WHAT NEEDS TO BE DONE: When you reach the line below that has "Band Tees Vintage", start returning lines exactly, and stop after the line that has "Right Path Counseling map"; skip the pictures.

EXTRACTED DATA:
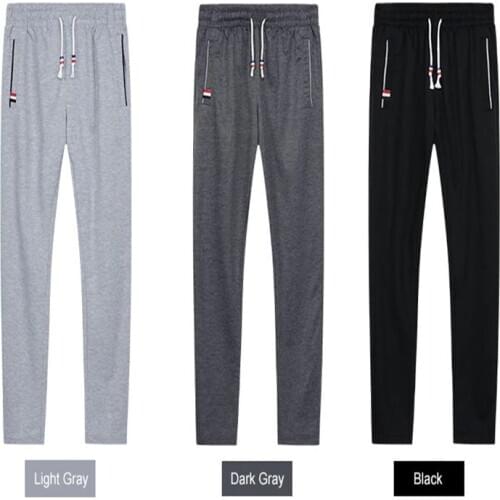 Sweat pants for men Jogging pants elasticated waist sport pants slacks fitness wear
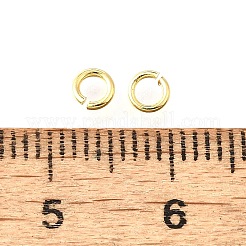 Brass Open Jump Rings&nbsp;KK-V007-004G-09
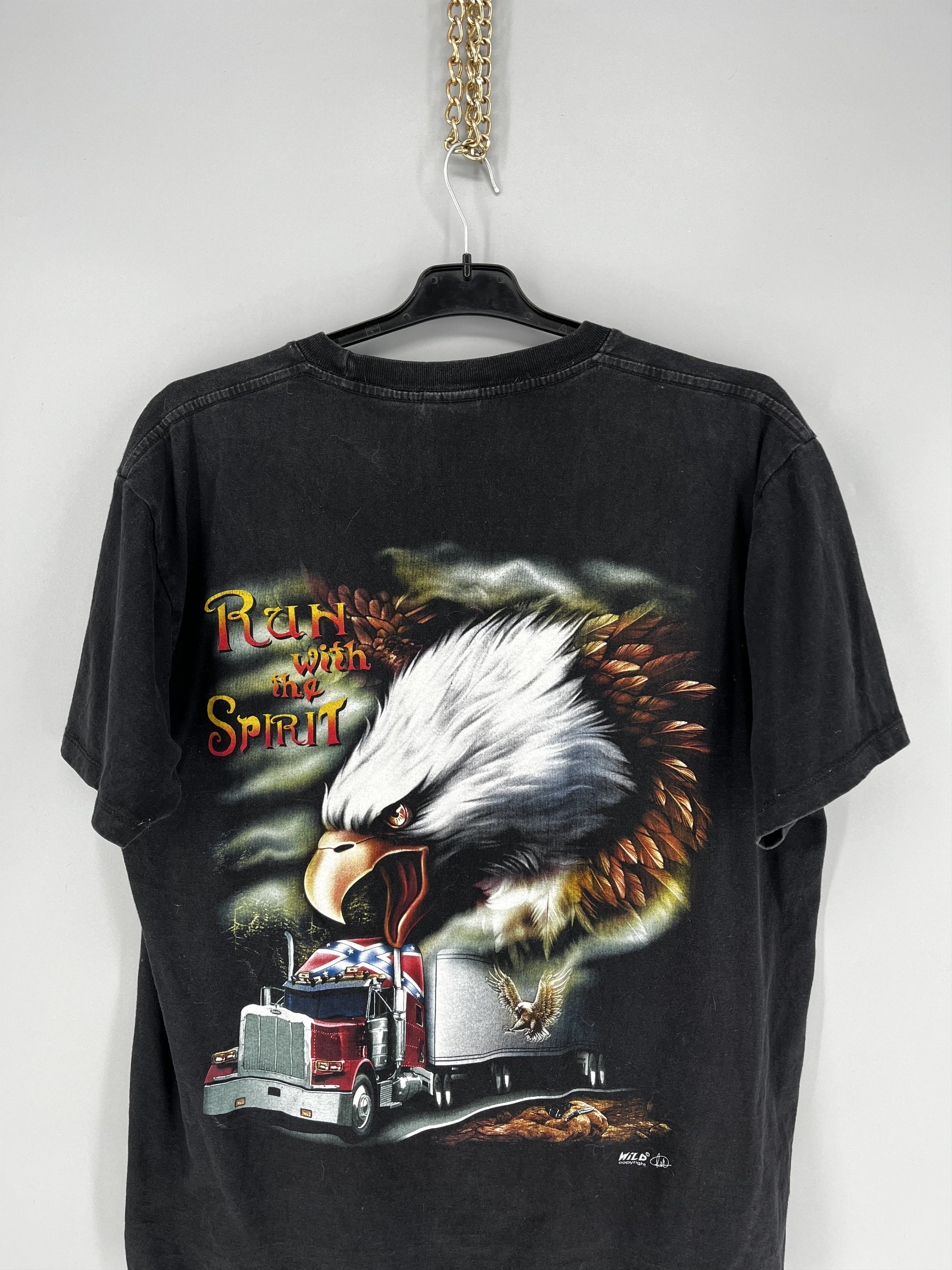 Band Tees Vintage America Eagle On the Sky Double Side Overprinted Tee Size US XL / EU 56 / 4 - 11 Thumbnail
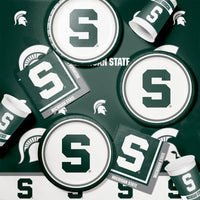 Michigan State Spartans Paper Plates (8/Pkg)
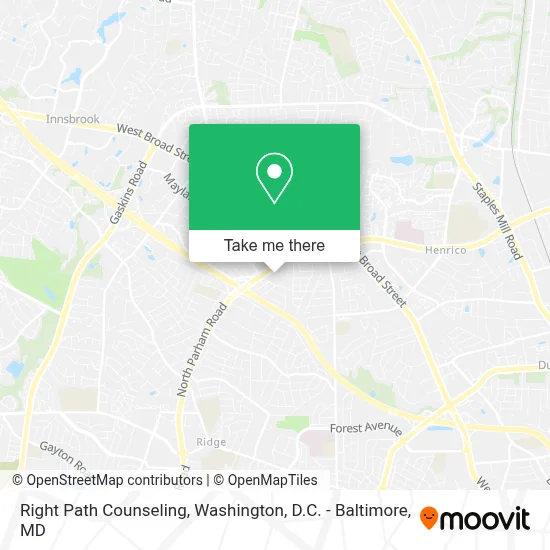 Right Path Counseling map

==

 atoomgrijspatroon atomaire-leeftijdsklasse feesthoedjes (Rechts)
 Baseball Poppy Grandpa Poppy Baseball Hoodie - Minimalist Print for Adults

PROBLEM SOLUTION:
 Band Tees Vintage America Eagle On the Sky Double Side Overprinted Tee Size US XL / EU 56 / 4 - 11 Thumbnail
 Michigan State Spartans Paper Plates (8/Pkg)
 Right Path Counseling map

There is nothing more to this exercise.